Manipulating String in Java

Question

Manipulating String in Java

Navigation

#1 by (8 votes)
#2 by (3 votes)

9

I have text inside a String. I'll go through this String. As I go through it, I must take every word it contains. I thought about using string.split(" "); but I need to treat. "" ";" "," ":" "!" "?" among other cases. How can I do this?

java string

asked by anonymous 05.08.2014 / 15:17

2 answers

3

You can use regular expression for this purpose.

Split

The split method of String Java accepts regular expression. See here in the documentation .

Something like this: [.;,:!?] (it's a group of characters you want to filter).

This will split the entered characters by returning an Array.

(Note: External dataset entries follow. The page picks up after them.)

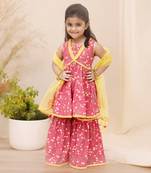 Pink printed kurti sharara with dupatta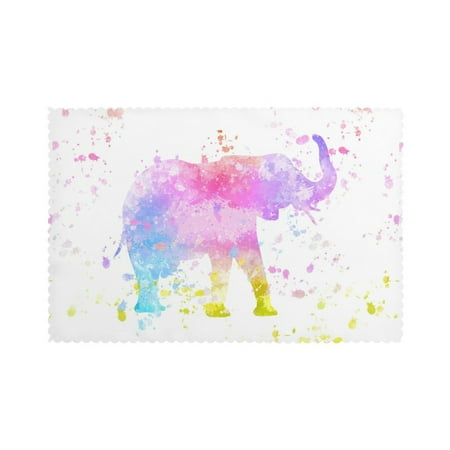 

Home Elephant Watercolor Background Placemats Set Of 6 Washable Wipeable Place Mats Place Mats For Festival Parties Family Dinner (12 X 18inch)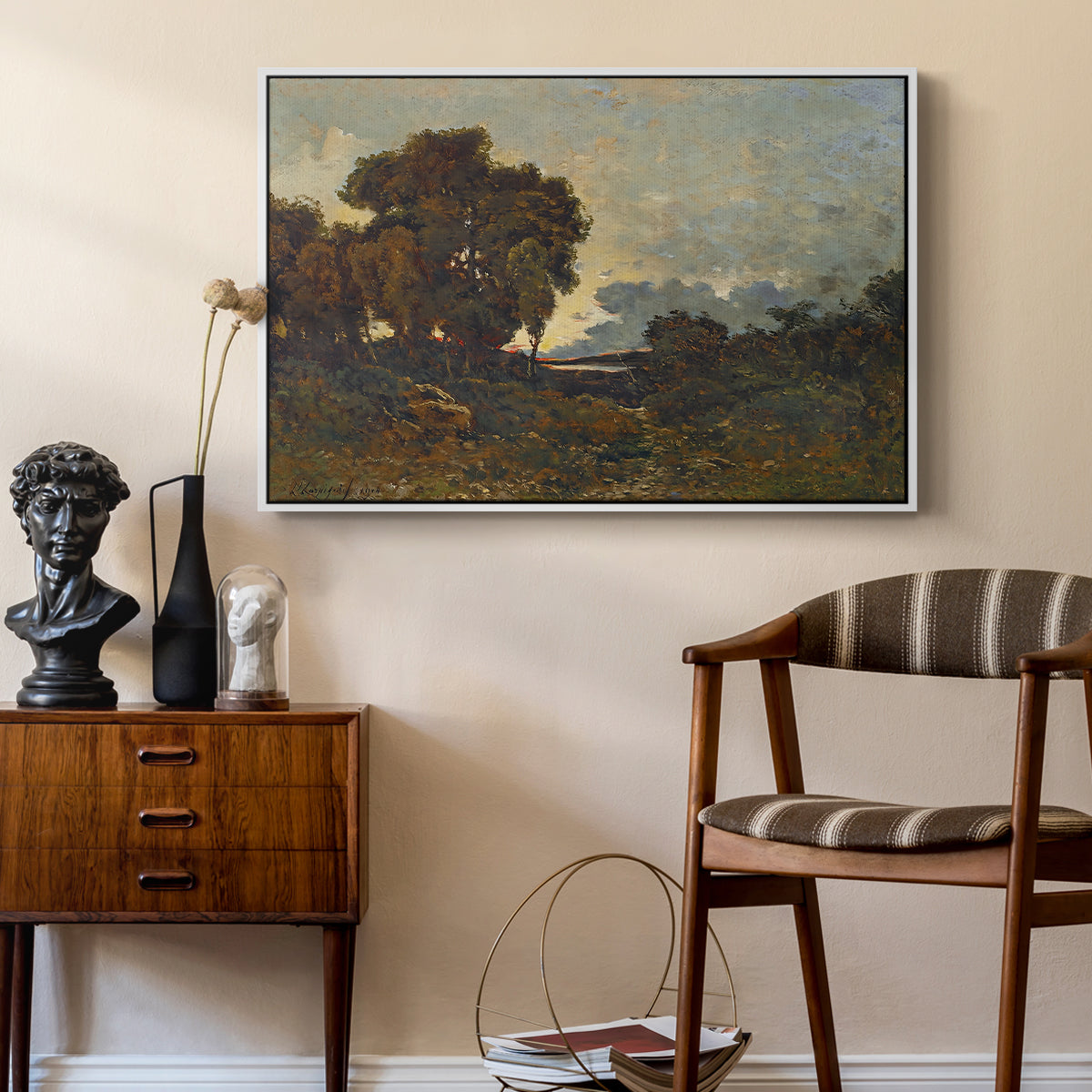 Sunset on the Allier (Soleil couchant sur l'Allier), 1904 - Floater Framed Canvas Print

In Java it would look something like this:

String str = "Eu sei? que nada, sei, mais uns .'s e umas ,'s";
String[] result = str.split("[.;,:!?]");
for (String r : result) {
    System.out.println(r.toString());       
}

The output would look like this:

Eu sei
 que nada
 sei
 mais uns 
's e umas 
's

Replace

You can also replace in unwanted characters. The replaceAll method of the java String also accepts regular expression, see here in the documentation .

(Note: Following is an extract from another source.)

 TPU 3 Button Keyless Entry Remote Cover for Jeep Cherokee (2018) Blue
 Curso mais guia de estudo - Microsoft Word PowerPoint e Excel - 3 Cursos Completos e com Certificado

It would look something like this:

String result2 = str.replaceAll("[.;,:!?]", "");
System.out.println(result2);

The output would look like this:

Eu sei que nada sei mais uns 's e umas 's

As I understand it, it is something that you are looking for. Right?

See if that suits you.

05.08.2014 / 15:27

What is the difference between Template and Layout? Can a video accelerator card improve non-graphical performance? [closed]

score 8 · Accepted Answer

You can use Regex. Example:

public class TesteRegex {
    public static void main(String[] args) {
        String frase = "Várias palavras em uma só String.\n"
                + "Ignorando pontos; Ponto-e-vírgula; Traços. E números 0132.";
        Pattern p = Pattern.compile("[a-zA-Zà-úÀ-Ú]+");
        Matcher m = p.matcher(frase);
        int i = 1;
        while(m.find()) {
            System.out.println("Palavra " + i + ": " + m.group());
            i++;
        }
        System.out.println("Frase completa: " + frase);
    }
}

Result:

Word 1: Several   Word 2: words
  Word 3: in
  Word 4: One
  Word 5: only
  Word 6: String
  Word 7: Ignoring
  Word 8: points
  Word 9: Point
  Word 10: and
  Word 11: comma
  Word 12: Traits
  Word 13: E
  Word 14: numbers
  Complete sentence: Multiple words in a single String.
  Ignoring stitches; Semicolon; Traits. And numbers 0132.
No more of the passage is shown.